◆ Data

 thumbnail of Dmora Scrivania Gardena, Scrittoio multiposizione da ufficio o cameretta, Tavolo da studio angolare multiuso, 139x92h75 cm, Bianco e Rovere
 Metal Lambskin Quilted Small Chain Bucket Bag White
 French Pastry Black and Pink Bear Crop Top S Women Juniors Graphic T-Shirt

◆ What this task involves
Find the line with "Metal Lambskin Quilted" in the listing. Reproduce it and all the lines after it, exactly, through the last line.

◆ Answer section
 Metal Lambskin Quilted Small Chain Bucket Bag White
 French Pastry Black and Pink Bear Crop Top S Women Juniors Graphic T-Shirt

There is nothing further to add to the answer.